Email ponds@fwageast.org.uk to get involved.
Yelling Pond Restoration
This old farmyard pond had once been essential to watering livestock and plough horses but since falling out of use it had become very over grown with trees and scrub. What little water remained was dark and full of leaf litter. DLL funding meant the pond could be restored. Within a year its warm, light shallows were alive with tadpoles, invertebrates and marginal plants such as water mint and the charmingly named 'cursed crowfoot', pictured flowering here.
Madingley Brick Pits
One of three pits left by the extraction of clay for brickmaking in centuries past, this pond was dredged and coppiced on its southwestern banks to enable light to reach the waters' edge.
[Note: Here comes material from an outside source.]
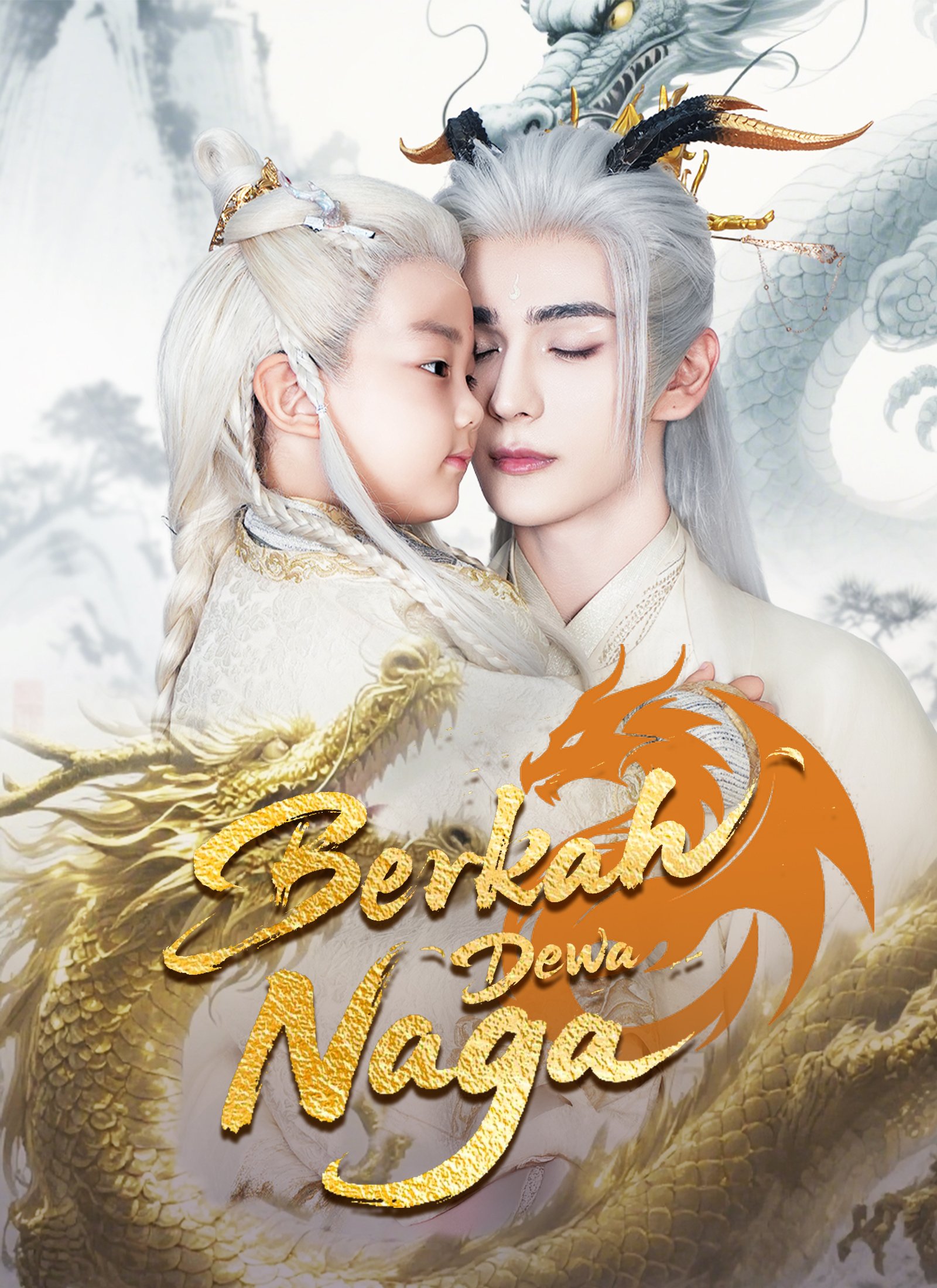 Berkah Dewa Naga Episode 3 Sub Indo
Efforts were almost immediately repaid with a delightful bloom of water crowfoot, previously unrecorded at the site. We believe the seed had lain dormant in Victorian bottles scooped from the base of the pond. This species is a good indicator of water quality and is one of several used by great crested newts for egg laying.
Pond Creations at
Kingfisher Bridge
It was a pleasure to work with the knowledgeable manager of this privately owned nature reserve to create three ponds in wet lying grassland on the edge of the fen habitat. A wetland was created here when 250 acres of farmland was 'rewilded' by a pioneering farmer back in the mid 1990s. We are confident these new ponds will offer a stronghold for breeding populations of great crested newts, complementing the ongoing conservation management for endangered species at the site.